THE DATA:

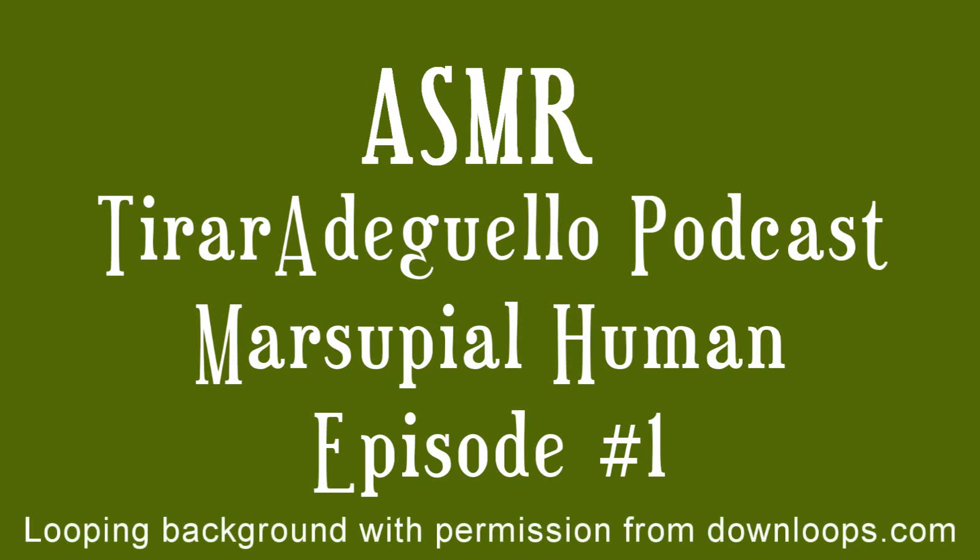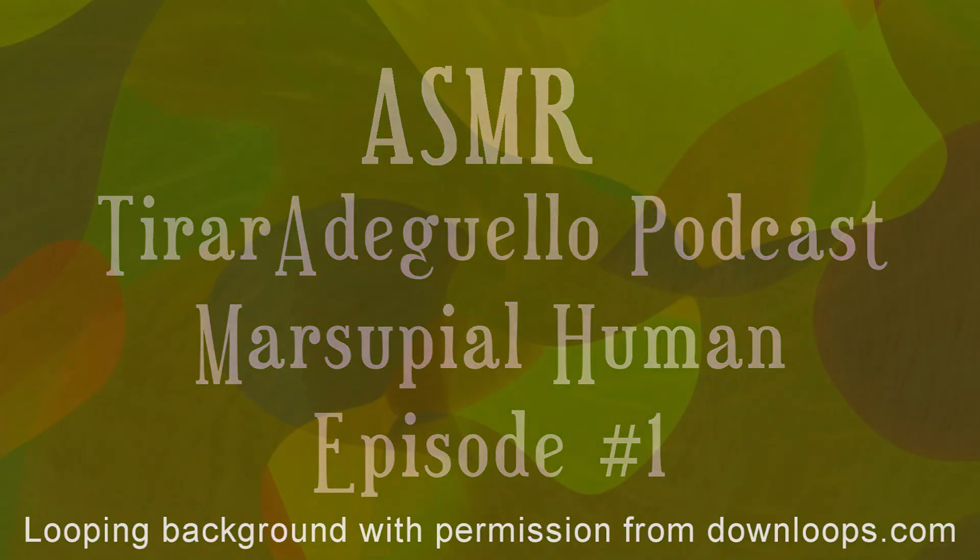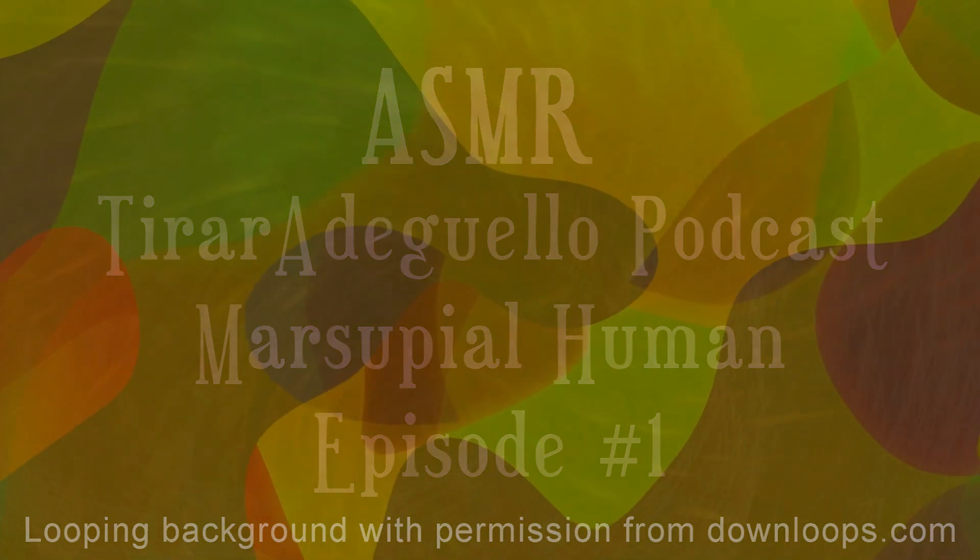Hello, and welcome to ASMR Tirar de Juego. Are you hoping to calm your mind, relax your body, or experience ASMR?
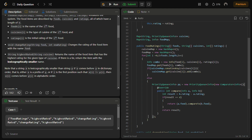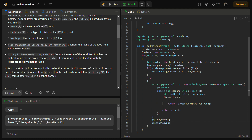Once the priority queue is created, we add the combo to it, and then put it into the cuisine map: cuisineMap.put(cuisines[i], pQueue).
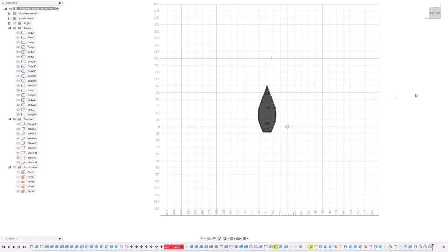Hi, so this is Autodesk Fusion 360. This is actually the project that I made a lot of my little whiteboard magnetized bits and bobs with.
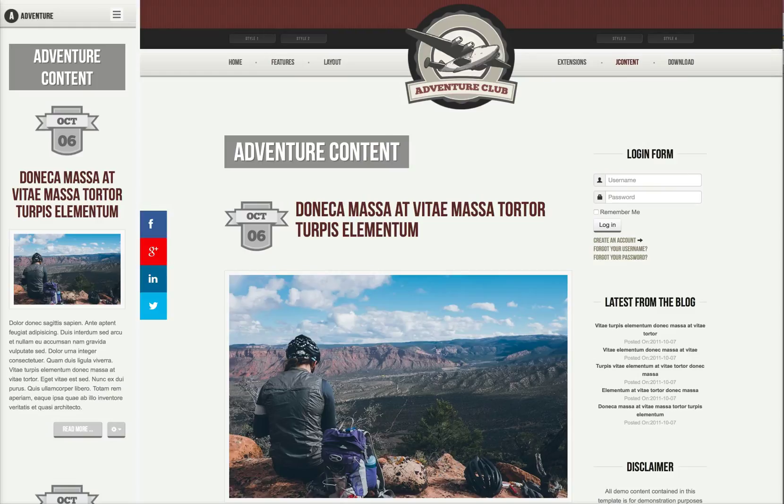And that concludes our introductory tutorial for Adventure Club. In the next video, I'm going to go over the administration, the back end of Adventure Club, and show you some more of the features. See you in the next video.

WHAT IS NEEDED: Copy out all the data exactly; skip the pictures.

EXERCISE SOLUTION:
Hello, and welcome to ASMR Tirar de Juego. Are you hoping to calm your mind, relax your body, or experience ASMR?
Once the priority queue is created, we add the combo to it, and then put it into the cuisine map: cuisineMap.put(cuisines[i], pQueue).
Hi, so this is Autodesk Fusion 360. This is actually the project that I made a lot of my little whiteboard magnetized bits and bobs with.
And that concludes our introductory tutorial for Adventure Club. In the next video, I'm going to go over the administration, the back end of Adventure Club, and show you some more of the features. See you in the next video.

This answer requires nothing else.